L’explication tient à la notion de fragilité vasculaire, ici capillaire, du fait du déficit en fibres élastiques entraînant des saignements chez les patients (dents, épistaxis, selles, bronches, ménorragies, plaies…).
Cela conduisant à des situations parfois tragiques pour les mères d’enfants porteurs d’ecchymoses pour des traumatismes minimes.
Le syndrome des enfants battus est à la mode chez les médecins et, dans le public, d’où un pas trop vite franchi dans le diagnostic.
Garde à vue
Dans une enquête chez des patients porteurs d’un Syndrome d’Ehlers Danlos, nous avons constaté cette suspicion vis-à-vis des parents dans 16 % des cas.

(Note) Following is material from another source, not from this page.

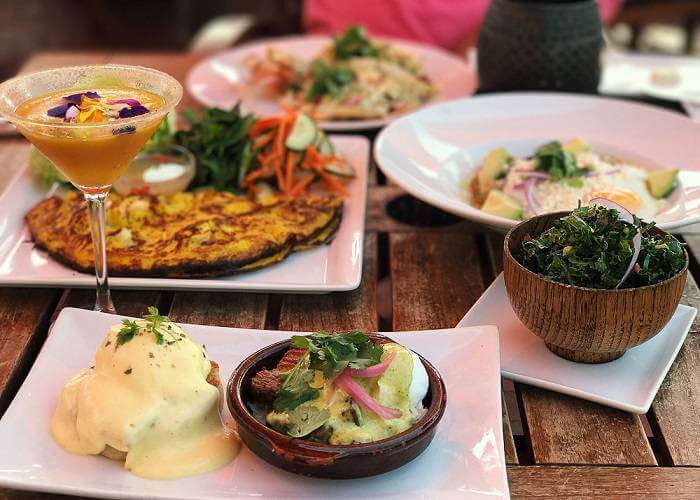 Where You Should be “Brunch-ing” in Laguna Beach Sapphire Laguna Study Of Eggs Benedict Pure Passion Martini Vietnamese Shrimp Crepe Tacos Pork Chile Verde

Certains sont assez spectaculaires. C’est le cas de cette jeune mère de famille placée en garde à vue 48 heures pour ce motif dont elle a pu se disculper assez vite. C’est, aussi, le cas de cette autre mère, juriste de surcroît, « dénoncée » par le psychiatre du CMPP où son enfant est suivi, sans qu’elle en soit informée et ayant subi deux années durant, une intrusion et une surveillance au sein même de son intimité familiale. Épreuve redoutable et déstabilisante pour cette femme profondément traumatisée dans son honneur de mère et de juriste.
Autres arguments
Au total, chez un enfant, la constatation d’ecchymoses multiples, si elle doit faire évoquer le diagnostic « à la mode » de violences à enfants, doit, aussi, faire envisager un possible syndrome d’Ehlers Danlos dont c’est un excellent signe de dépistage. Il faut alors savoir rechercher d’autres arguments en faveur du diagnostic tels qu’une cicatrisation cutanée difficile, une hypermobilité, des douleurs diffuses, une fatigue, des manifestations digestives ou respiratoires qui vont conduire, avec les autres éléments familiaux au diagnostic d’une maladie génétique, orpheline et pas si rare que cela mais surtout méconnue des médecins, victimes de leurs préjugés : la réduction à deux signes, l’un cutané, l’étirabilité, et l’autre, articulaire, l’hypermobilité.
Ce syndrome jouit, de ce fait, d’une réputation usurpée, de bénignité par ignorance des autres symptômes qui y sont attachés lesquels, notamment les douleurs et la fatigue, conduisent à des handicaps très sévères (nécessité d’utiliser un fauteuil motorisé, recours aux autosondages).
Références :
1- Miget A. « Le Syndrome d’Ehlers-Danlos », Thèse pour le doctorat en médecine, Faculté de Médecine de Paris 1933.
2- Ehlers E., « Cutis laxa, tendances aux hémorragies de la peau, relâchement de plusieurs articulations (cas pour diagnostic). » Société danoise de dermatologie, 15 décembre 1899, m. Dermatol. Woch. VIII, p. 173.
3- Beighton P, De Paepe A., Steinman B. & al., « Ehlers-Danlos syndrome: revised nosology », Villefranche 1997, Am. J. Med, Genet, 1998, 77, 33-7.
4- Hamonet Cl., Dassouli A., Kponton-Akpabie A., Boulay Ch., Macé Y., Rigal C. "Une pathologie mal connue, source d’errances diagnostiques et thérapeutiques : le syndrome d’Ehlers-Danlos. Apports nouveaux de la médecine de Rééducation." Entretiens de Bichat, Médecine. Paris, Expansion scientifique française, pp. 6-9, 2001.
5-Hamonet Cl., "Le syndrome d’Ehlers-Danlos (SED) : une entité clinique et génétique insolite, orpheline, et handicapante, mal connue dont la rareté doit être remise en question. Apport de la Médecine Physique et de réadaptation", Journal de Réadaptation médicale, N°2-3, septembre 2007, volume 27, pp. 64-70.
6- Hamonet Cl., « Ehlers-Danlos, un syndrome en mutation et à « pièges », Revue de Médecine Manuelle-Ostéopathie, Septembre 2008, n° 24, pp.27-32.